[Github-comments] Re: [geany/geany] ctags: Matlab: generate tag with only the function name, not the function name plus arguments (PR #3358)

3 Jan 2023


      ...
Regarding the regex ctags version of the parser vs Geany's version of the parser: we could use the regex ctags version, I was just thinking that since we have the hand-written version in Geany already, it might be a base for a hand-written parser that could eventually be submitted upstream so I kept the `geany_` parser. Hand-written parsers tend to offer better flexibility in parsing and are much faster than regex parsers. But before such a parser could be submitted upstream, it would have to offer all the functionality the current regex parser offers.

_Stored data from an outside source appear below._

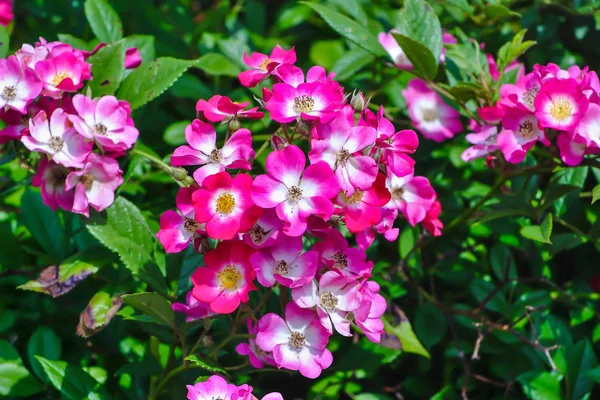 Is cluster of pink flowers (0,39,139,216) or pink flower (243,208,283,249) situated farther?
cluster of pink flowers (0,39,139,216)

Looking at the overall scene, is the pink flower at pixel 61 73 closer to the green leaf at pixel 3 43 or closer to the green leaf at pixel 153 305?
the green leaf at pixel 3 43

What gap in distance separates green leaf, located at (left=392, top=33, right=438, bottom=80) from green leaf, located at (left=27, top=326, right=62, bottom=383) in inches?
40.9

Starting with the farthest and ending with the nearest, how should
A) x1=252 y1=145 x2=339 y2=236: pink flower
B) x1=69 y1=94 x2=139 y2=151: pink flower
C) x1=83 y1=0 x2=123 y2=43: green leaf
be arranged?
x1=83 y1=0 x2=123 y2=43: green leaf → x1=69 y1=94 x2=139 y2=151: pink flower → x1=252 y1=145 x2=339 y2=236: pink flower

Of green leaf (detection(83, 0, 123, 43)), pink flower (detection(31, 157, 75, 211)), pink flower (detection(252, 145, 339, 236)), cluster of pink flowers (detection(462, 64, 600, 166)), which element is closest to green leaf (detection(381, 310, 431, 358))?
cluster of pink flowers (detection(462, 64, 600, 166))

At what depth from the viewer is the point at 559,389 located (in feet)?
5.35

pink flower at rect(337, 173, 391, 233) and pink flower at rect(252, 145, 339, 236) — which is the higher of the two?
pink flower at rect(252, 145, 339, 236)

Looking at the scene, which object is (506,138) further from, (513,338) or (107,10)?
(107,10)

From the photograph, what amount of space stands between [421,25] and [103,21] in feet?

I think the custom parser is currently a bit messy and could use some restructuring, but your point is valid.
Right now, I think the only real advantage of the regex version of the parser is its readability, but it doesn't seem to be really leveraging the full power of regexes -- it is rather simple and can probably be translated to "plain C" easily.
(Also, at first glance, it seems that those regexes aren't too good either; for example, I believe the second one will match `functionality = 42` too.)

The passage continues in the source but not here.